President Trump posted a tweet on his official Twitter account announcing the dismissal of Christopher Krebs, the cybersecurity officer in the US election.

Prior to his release, Krebs was Director of the Department of Homeland Security's Cyber ​​and Infrastructure Security Agency (CISA).

Trump said in a tweet: Cripps, the US cybersecurity officer, made an inaccurate statement about the security of the 2020 presidential election.

Trump, who has not abdicated his position as President-elect (Biden), claimed that the election was rife with irregularities and fraud.

Twitter added a warning to the president's tweet, stating that election fraud allegations were controversial.

Crebs is responsible for safeguarding the conduct of the US elections.
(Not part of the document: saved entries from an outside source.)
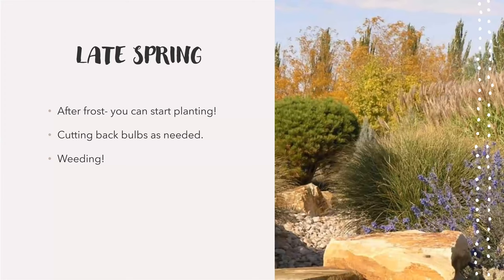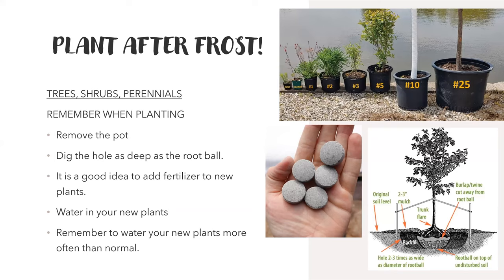Late spring is after frost is over — around May. We usually tell people after Mother's Day is when we're safe from frost. If you want to be really careful, wait until after Memorial Day. After there are no more really cold nights, you can start planting things. You can be planting trees, shrubs, and perennials. You're also cutting back your bulbs as needed, and weeding is going to be pretty constant throughout the whole process.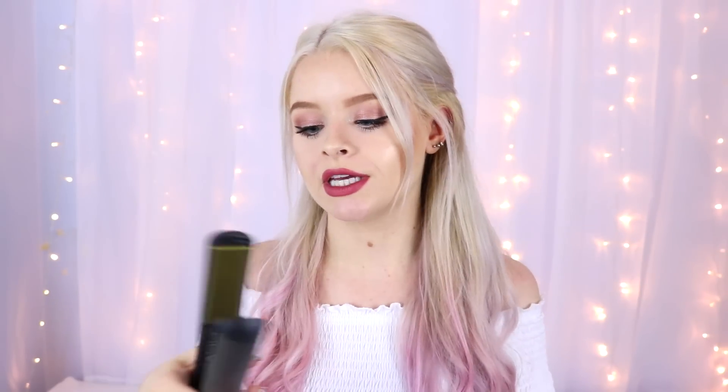All you need for these hairstyles are a pair of straighteners — these ones are the GHD V Gold Stylers. The lovely people over at Best British Bloggers hooked me up with GHD and sent me these straighteners; I'll leave all the links down below. You can curl, straighten, or wave your hair with these. You also need some bobby pins, hair slides, and little mini elastics. Also remember to use a heat protectant spray — this is the GHD heat protectant spray.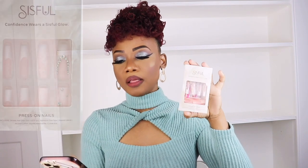Today I'll be doing a nail review, guys. And this is the nail — it's the Press on Nails. It is from a company by the name of Jaliza, J-A-L-I-Z-A.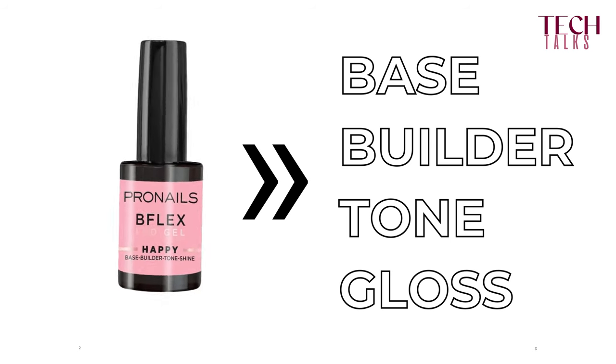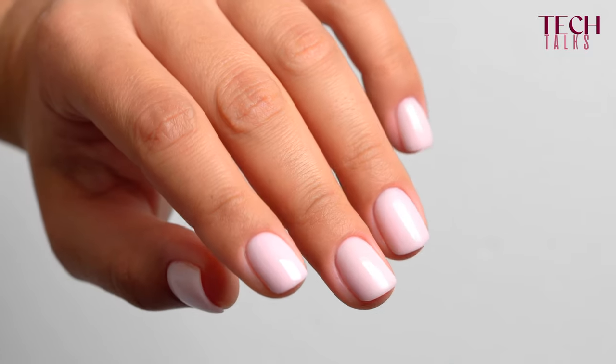Bflex is an all-in-one product — base, builder, tone, and gloss. It's also very fast and extremely self-leveling, and doesn't require filing, so it's really going to be your time-saver in the salon. By the way, it's acid-free.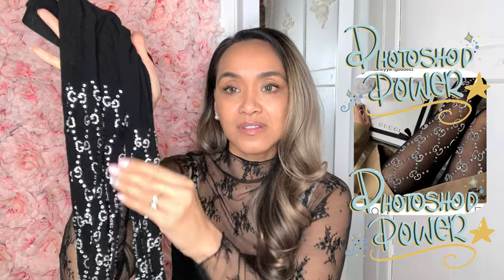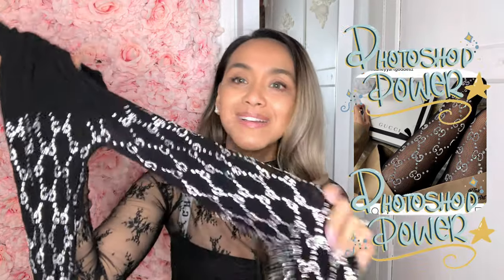I seem to have a crazy imagination. I got this idea from something I saw on Instagram — someone photoshopped crystals on stockings and I was like, oh my god, why don't they just make one? I know that Gucci does have some embellished with small crystals, but not like this — not as crazy as this. It's very small and not loud. It's not loud like this, baby.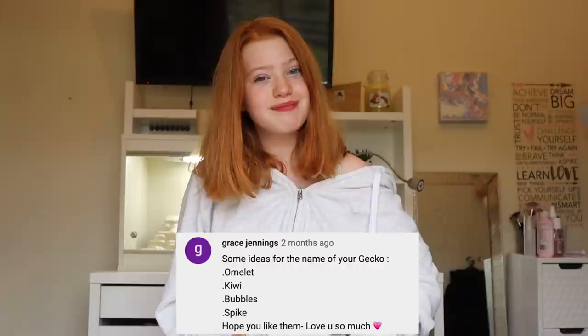I have two shoutouts for this week's video. The first goes to Grace Jennings — thank you so much for all your lovely comments and support. The second goes to Iona Collins — thank you so much for subscribing and commenting on the community page. I can't end this video without thanking my Education Squad and Early Squad — I love you guys so much. Love you, bye!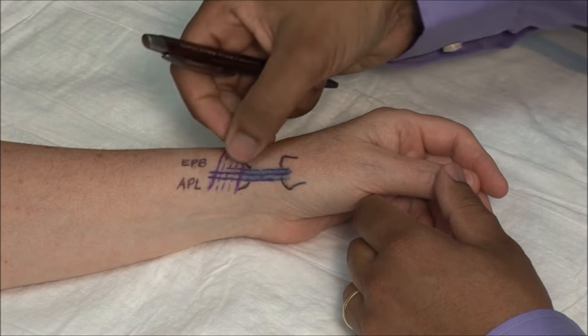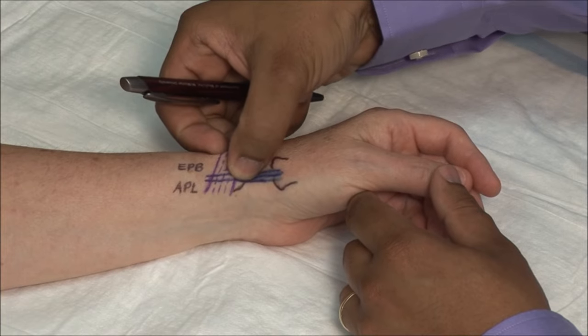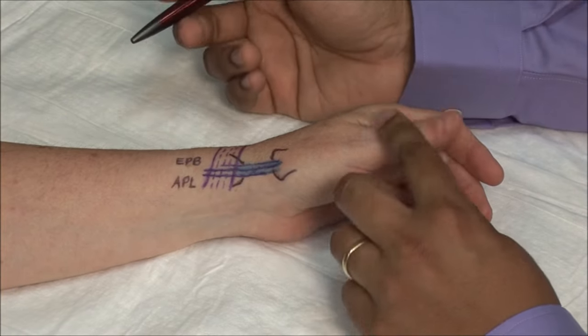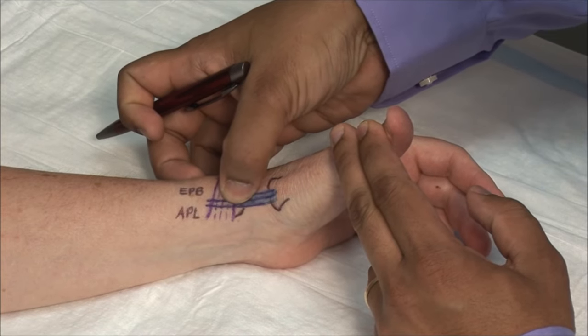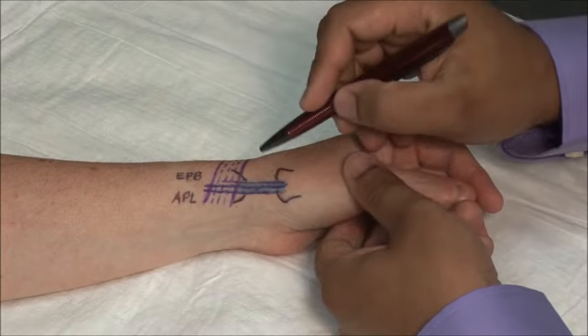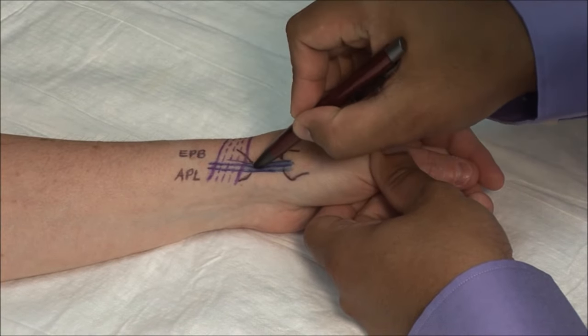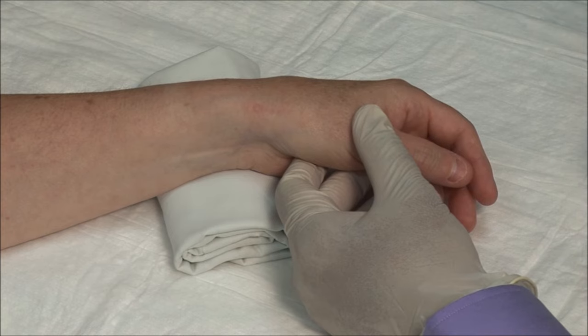Palpate the radial styloid and identify the tendons by having the patient extend the thumb against resistance. Then mark the point for injection. The injection is done with the wrist in slight ulnar deviation.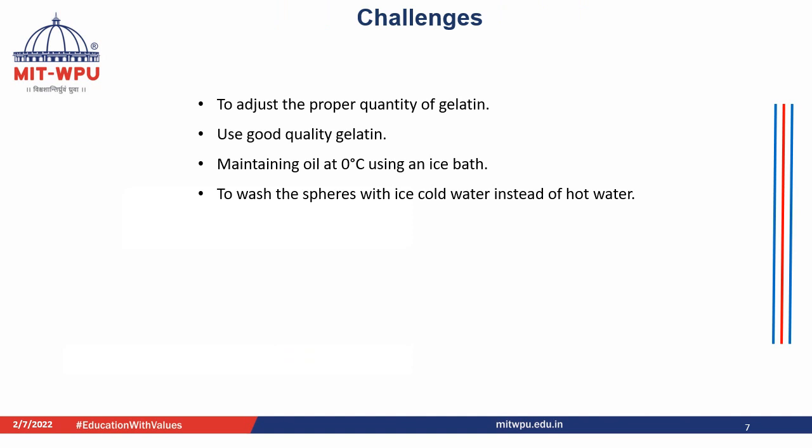The main challenges encountered while performing this practical include: first, adjusting the proper quantity of gelatin so that the spheres form correctly; second, using good quality gelatin for a proper formulated product; third, maintaining the oil at 0 degrees Celsius using an ice bath; and lastly, washing the spheres with ice cold water instead of hot water so that they don't start melting.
He said earlier that there was no evidence that the elections were hacked due to foreign interference.

Krebs previously tweeted in his government reports: 59 electoral security experts agree with allegations of electoral fraud and in all cases we know of, these allegations are either: no evidence of support or it's technically inconsistent.

Krebs effectively leaked false information about the poll and denied a false conspiracy theory that believed a secret computer system was involved in fraudulent polling.
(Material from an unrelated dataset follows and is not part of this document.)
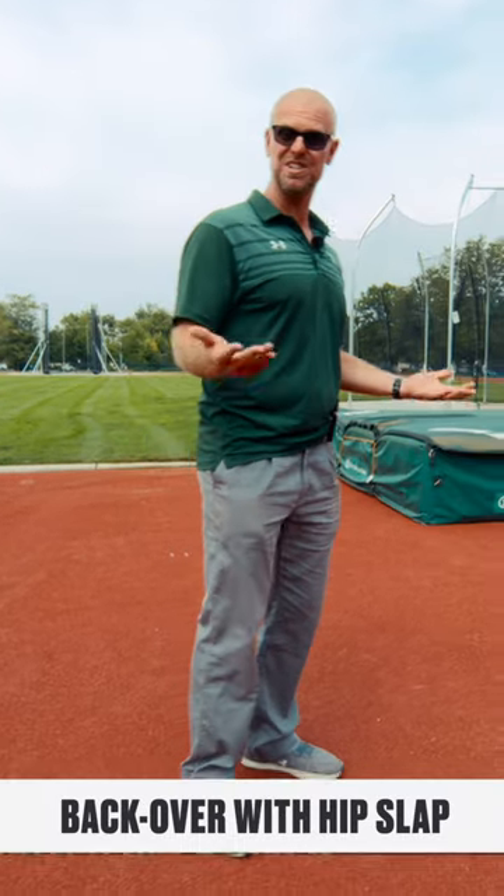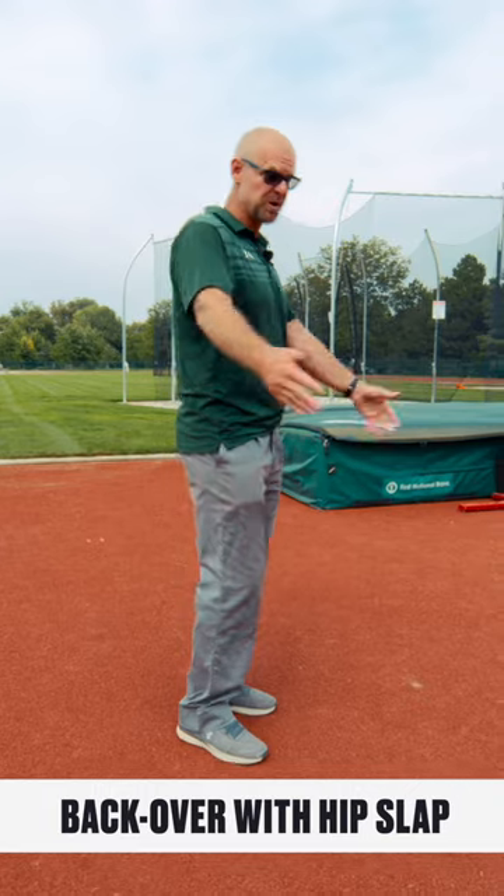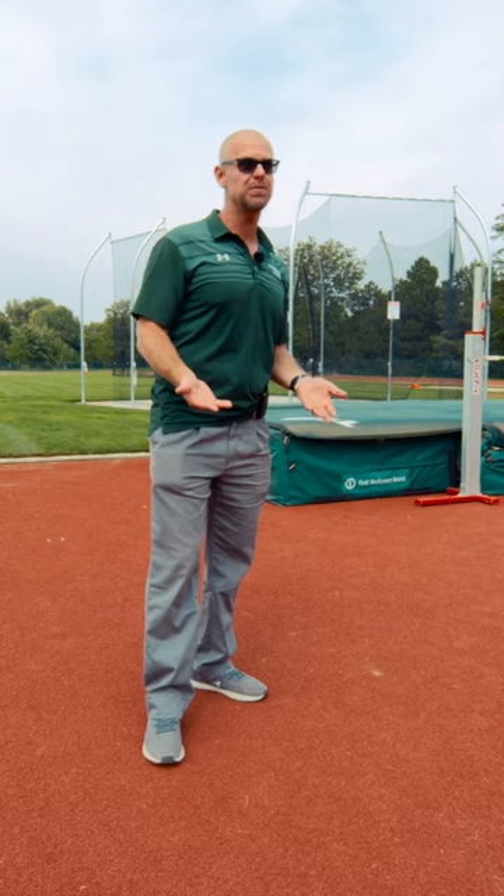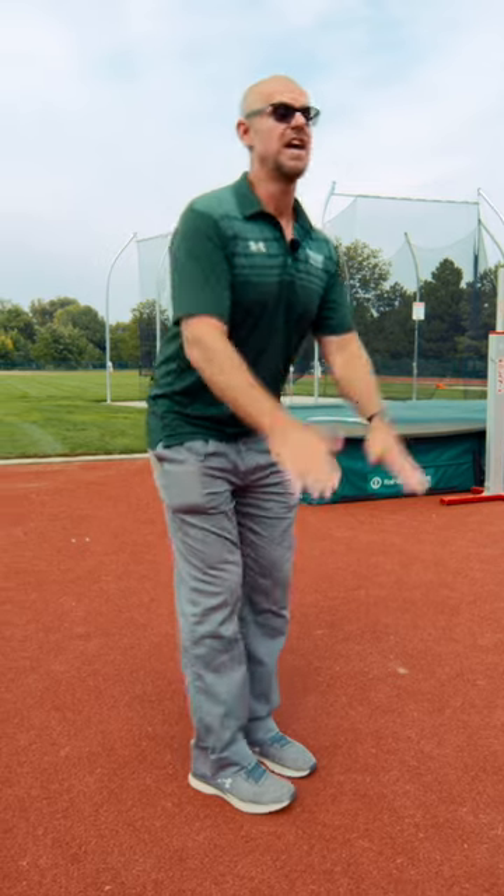Another way to perform the jogging two-footed back over is to slap your hips. This is especially good to figure out with beginning jumpers — where do you put your hands? We want to get our shoulders to be able to drop, and we can actually slap our hips. I've done it before where I've said slap your thighs and then we end up breaking at the waist. So if you slap your hips, you're going to be able to drop those shoulders in at the right height. So this is another way to perform the drill.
According to a report published by Reuters on November 12, Krebs was said to have been discharged on her own.

On the same day, KAG published the Declaration of Support for CREPS, which was signed by the members of the Executive Committee of the Governmental Committee for the Coordination of Electoral Infrastructure.

The statement said: There is no evidence that the American vote was a compromise. The statement said the elections were the safest option in US history.

After Trump moved to the Department of Homeland Security in 2017 to advise on cybersecurity issues, Cancer made his previous position in June 2018.

According to his biography, before joining the Department of Homeland Security, Krebs directed Microsoft's policy on cybersecurity and technical matters.